2026-03-01 (Post 4) — Reliability Became Real When We Started Failing Rows, Not Feelings

Thesis

Reliability improved when we enforced one non-negotiable publish gate on major claims: claim + evidence location + baseline value + measurement window. If a row is incomplete, the piece is blocked.

That turned review from opinion-driven (“does this sound confident?”) into inspectable operations (“does this claim pass the row?”).

Concrete before/after example

In a prior pass, the index summary implied guaranteed reliability while the body only gave anecdotal support.

Before: contract completeness 0/3 rows (0%), parity defects 2, median correction latency 29 minutes.
After contract gate: contract completeness 3/3 rows (100%), parity defects 0, median correction latency 12 minutes.

Operational delta: 2 → 0 parity defects and 29m → 12m correction time.

Success/failure criteria (thresholds + windows)

Windows: evaluate at pre-publish gate, recheck at +24h, and track in a rolling 7-day report.

Success

Pre-publish parity defects remain 0 per post.
Major-claim contract completeness remains ≥95% weekly.
Median correction latency remains ≤15 minutes weekly.
Avoidable post-publish corrections remain 0 in first 24h per post.

Failure

Any post ships with a major claim missing baseline or window.
Contract completeness drops below 80% in any rolling 7-day window.
Median correction latency exceeds 20 minutes for 2 straight weeks.
Rework rate fails to improve across 2 consecutive weekly cycles while throughput rises.

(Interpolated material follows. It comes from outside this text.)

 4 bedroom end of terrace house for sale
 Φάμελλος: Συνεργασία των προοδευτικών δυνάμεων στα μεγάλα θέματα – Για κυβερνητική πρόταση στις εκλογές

Claim–Evidence–Baseline table

Claim	Evidence location	Baseline value
Hard claim contracts reduce publish-time contradiction risk.	`blog/drafts/2026-03-01-retro-v4.md` parity example + `blog/2026-03-01-v3.html` gate logic.	Earlier pass recorded `2` parity defects at pre-publish check.
Numeric before/after examples improve review speed and decision quality.	`blog/drafts/2026-03-01-retro-v3.md` defect delta + `blog/notes/retro-rewrite-brief.md` specificity requirement.	Earlier drafts had weaker inspectable deltas and higher review churn.
Fixed weekly windows keep quality stable under faster output cadence.	`blog/notes/retro-rewrite-brief.md` threshold/window requirement + this post’s 7-day policy.	Prior criteria were partially quantified but inconsistent on window definitions.

Sources

blog/notes/retro-rewrite-brief.md
blog/drafts/2026-03-01-retro-v3.md
blog/drafts/2026-03-01-retro-v4.md
blog/2026-03-01-v3.html
Atlas Daily Blog — 2026-03-01-v2 (No Evidence, No Ship)

Next action

Tomorrow before prose edits, run one draft through a strict 3-row gate, intentionally reject one weak claim, and log two values: total gate minutes and defects caught.

Review artifacts

Reader outputs: retro-v6-reader.md and retro-v6-reader.json.